Here, I think the confidence band is critical to include because it demonstrates that the regression line is NOT statistically declining.^{7} Obviously, there is mortality in this population, so this indicates data issues.

^{7} This was also apparent by the “large” p-value for the slope in the `summary(cc1)`

results above.

A major assumption of catch curve analysis is that recruitment is constant, which it clearly is not here. The most glaring evidence of this is the complete lack of age-2 fish. I don’t know if the age-2 fish should be considered as an observed zero (i.e., that age-class is actually very low) or if there is a sampling issue (i.e., was the gear highly selective; here is some evidence for that in the length frequency histogram in their Figure 2 and in this post.)

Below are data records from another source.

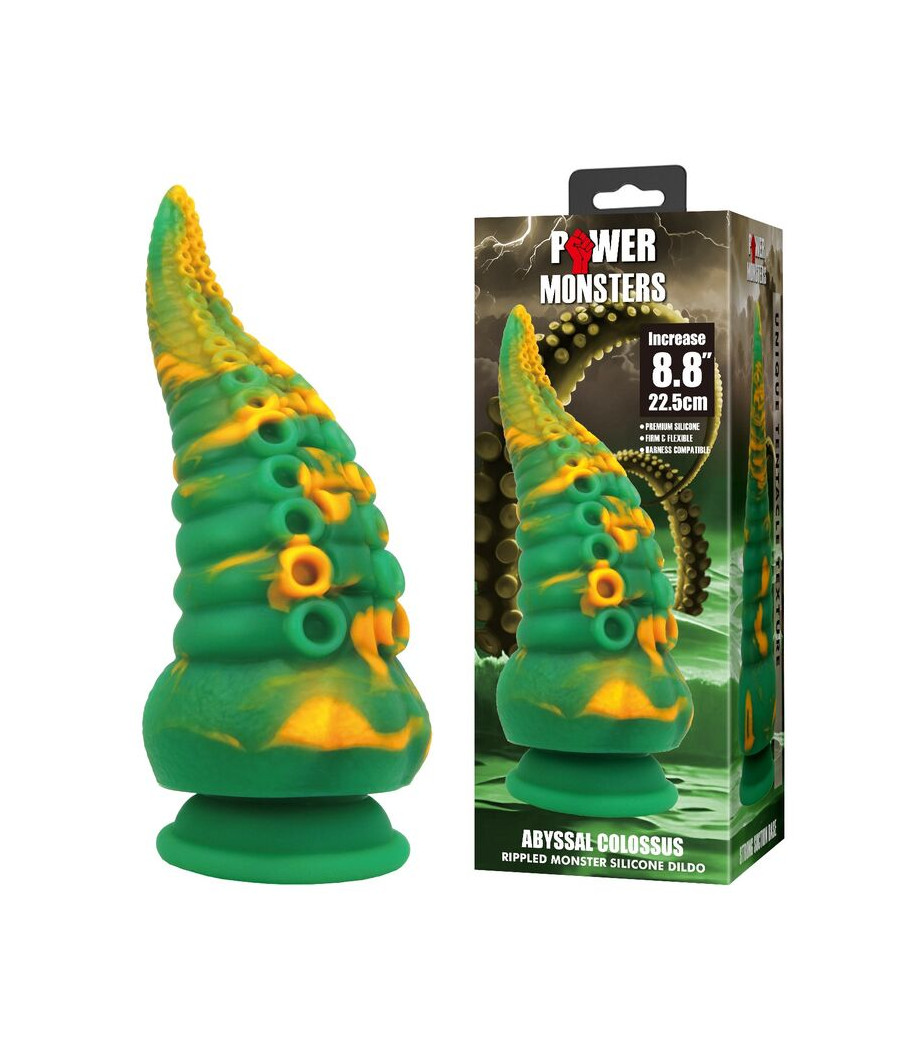 POWER MONSTERS - ABYSSAL COLOSSUS BICOLOR FANTASY SILICONE DILDO 22,5 CM Ø 6 CM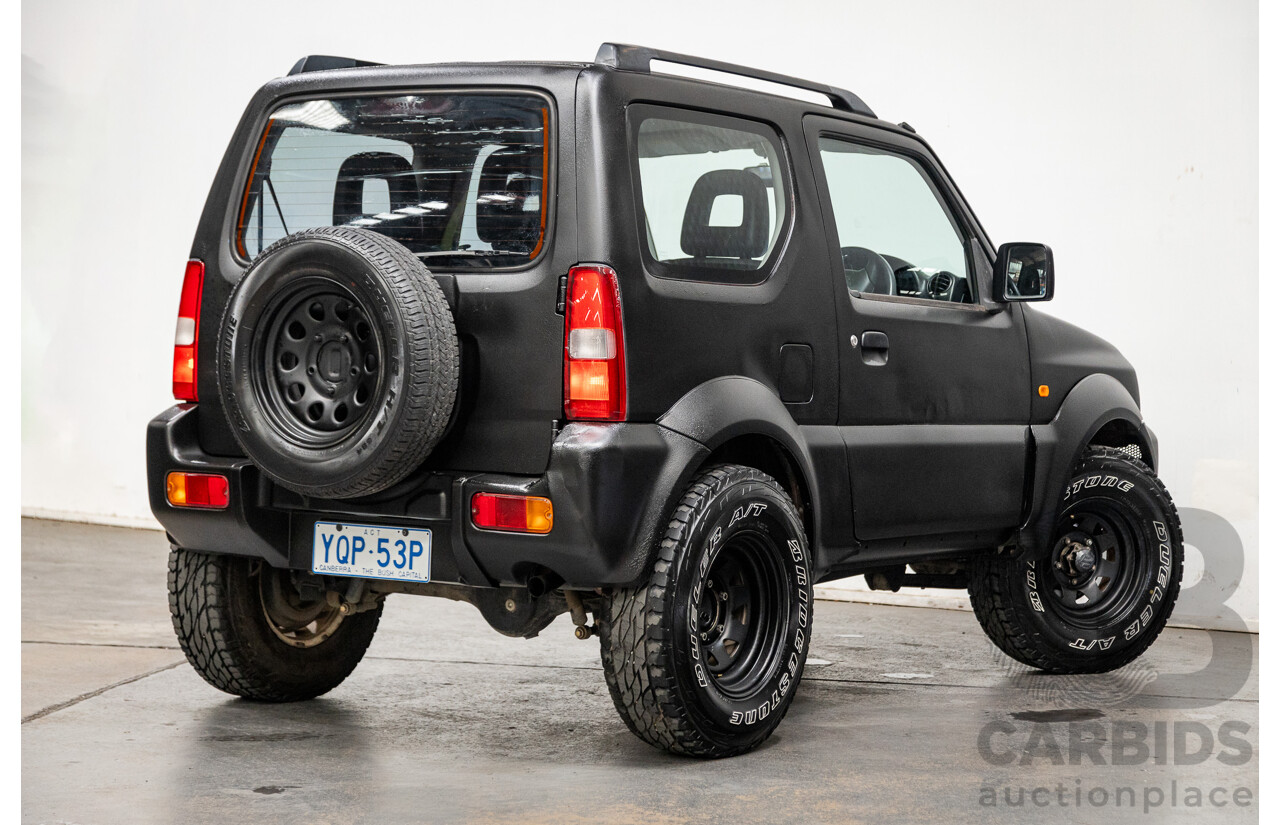 02/2009 Suzuki Jimny Sierra (4x4) 2d Wagon Raptor Coat Black 1.5L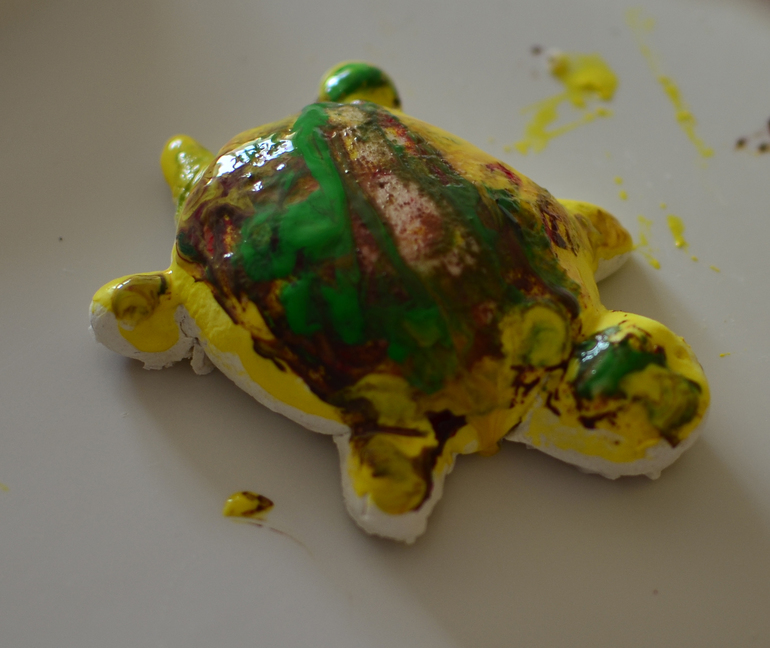 Как мы красили черепаху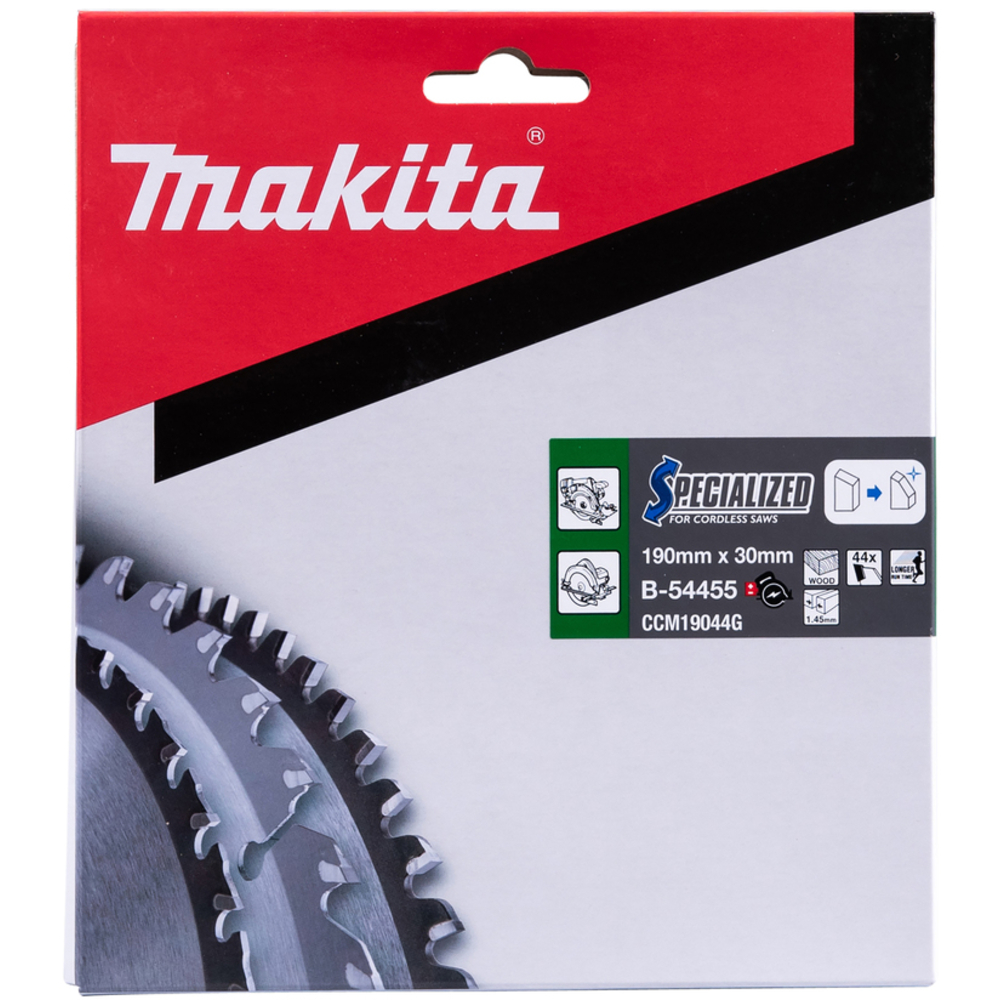 LAME TCT 190mmx44T POUR BOIS - MAKITA - B-54455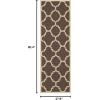 SAFAVIEH Courtyard Collection 8′ x 11′ Blue/Beige CY6243 Moroccan Trellis Indoor/ Outdoor Waterproof Easy-Cleaning Patio Backyard Mudroom Area-Rug(Dark Brown)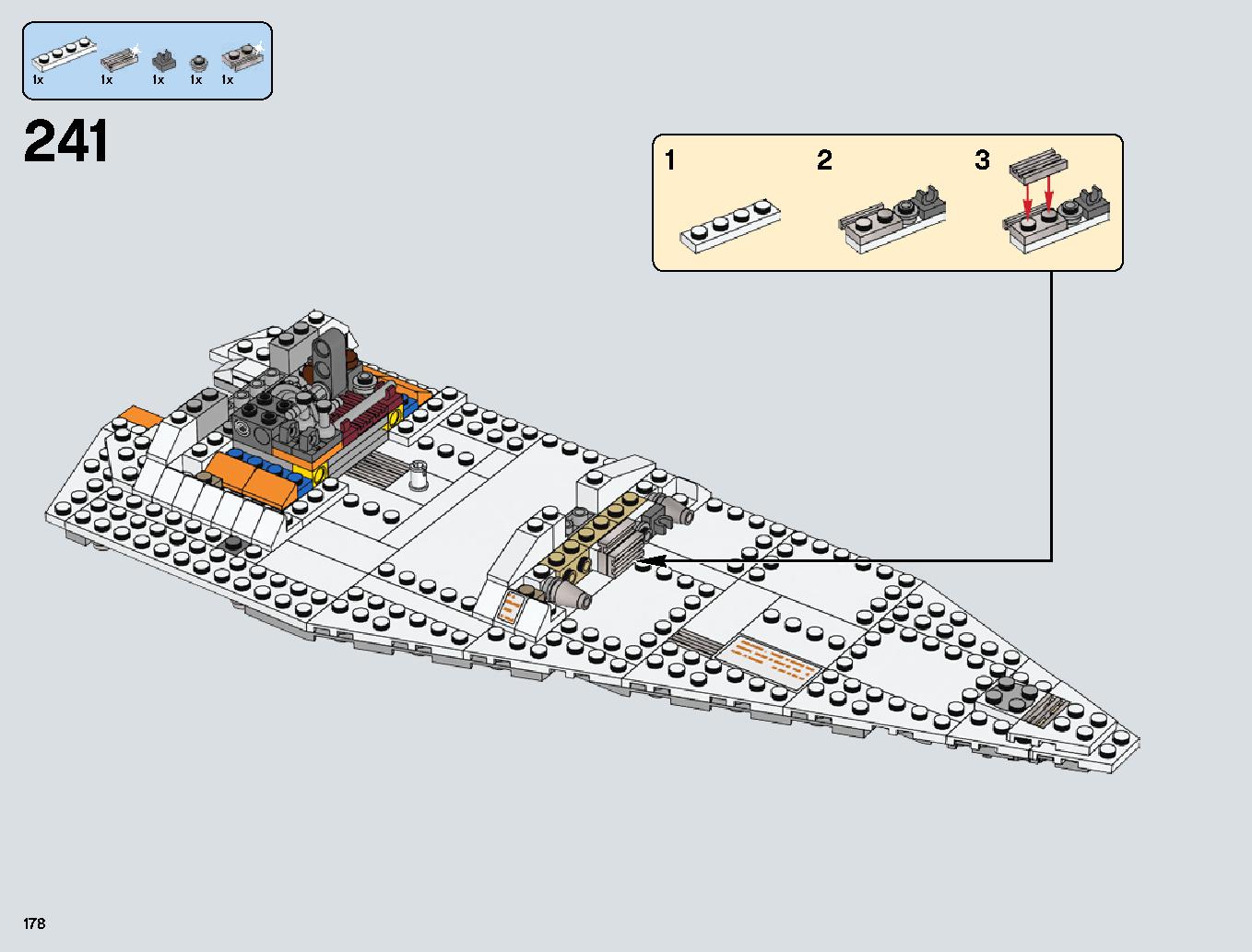 Snowspeeder 75144 LEGO information LEGO instructions 178 page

It is common to add 1 to “integer” data that has zeroes prior to log-transformation. However, this can be problematic. For example, adding 1 to the catch of age-1 fish is relatively minor (<1% change from 122 to 123), but the same modification is relatively important for the catch of age-7 fish (50% increase from 2 to 3). This can influence mortality estimates. For example, below one was added **only** to the age-2 catch.^{8}

^{8} I am not suggesting that this is the correct thing to do. However, the authors would not have added a 1 if *one* age-2 fish had been captured. Thus, this will demonstrate some level of sensitivity to the data collection and analysis choice.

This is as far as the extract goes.